Тишина. Только ветер завыл, да собака где-то тявкнула. Лаврентьев стукнул ещё, сильнее.
— Открывай! Знаем, что ты там! Да без шуток давай — оружие у нас.
Иван Палыч, стоя за Гробовским, вдруг уловил шорох — едва слышный, как мышь в соломе. Сердце ёкнуло. Он рванул поручика за шинель, отталкивая от двери:
— Ложись!
И тут же грохнул выстрел. Брызнули щепки во все стороны, дверь треснула, пуля просвистела там, где только что стоял Гробовский. Пахнуло порохом. В ту же секунду звякнуло стекло — сзади хаты, будто бутылку разбили.
— Бежит, собака! Через окно! — взревел Гробовский, вскакивая.
Лаврентьев, матерясь, кинулся за угол.
— Уходит, Пётр Николаич!
Митрий, долговязый, в рваном тулупе, мчался к оврагу, сжимая ружьё. Его тень металась по снегу, как загнанный волк.

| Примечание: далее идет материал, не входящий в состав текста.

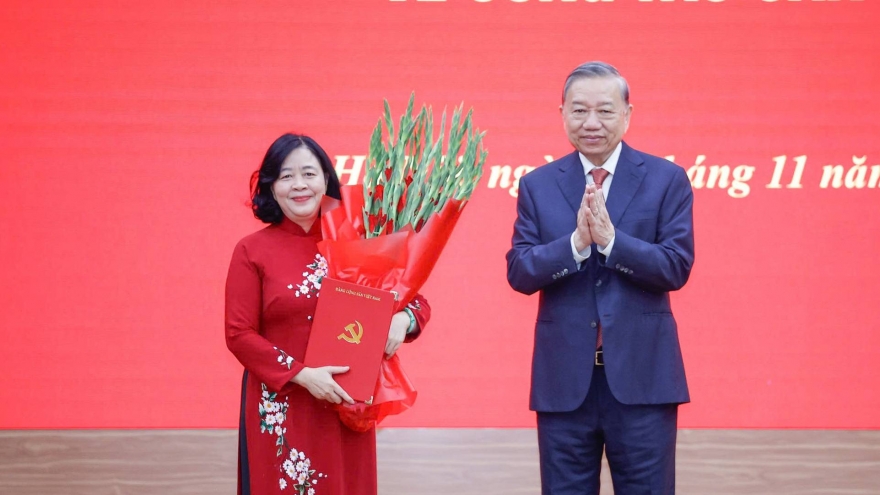 Bà Bùi Thị Minh Hoài làm Bí thư Đảng ủy Mặt trận Tổ quốc, các đoàn thể Trung ương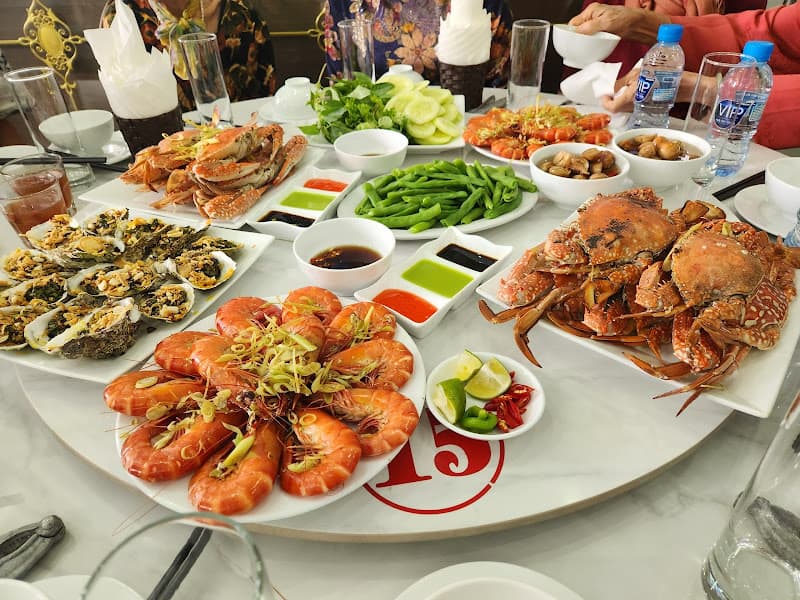 Hình ảnh Nhà hàng Roza Cát Bà – Swimming Pool/ Rooftop & Sky bar - 4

— Стой, собака! — заорал Гробовский, бросаясь в погоню.
Лаврентьев отстал.
— Уйдёт, гад! Уйдет!
Митрий, добравшись до кромки оврага, обернулся. Глаза дикие.
— Окружай! Брось оружие, Митрий! Брось!
Но тот и не думал. Противник вскинул ружьё, выстрелил наугад. Пуля взвизгнула над ухом доктора, снежная крошка осыпала лицо.
— Ох ты ж!..
— Ложись, Палыч! — крикнул Гробовский, падая в снег.
— Брось оружие! Стрелять буду! Приказываю!
Лаврентьев, не целясь, выстрелил из нагана. Раз, другой. Митрий вскрикнул, выронил ружьё и рухнул, покатившись вниз по склону.
— Попал! Алексей Николаич, заходи слева! Ружье возьми!
Подбежав, они увидели Митрия, скорчившегося в снегу. Кровь, ярко-алая, текла из виска, пропитывая тулуп. Противник не двигался.
Иван Палыч склонился, нащупал пульс. Пальцы дрожали.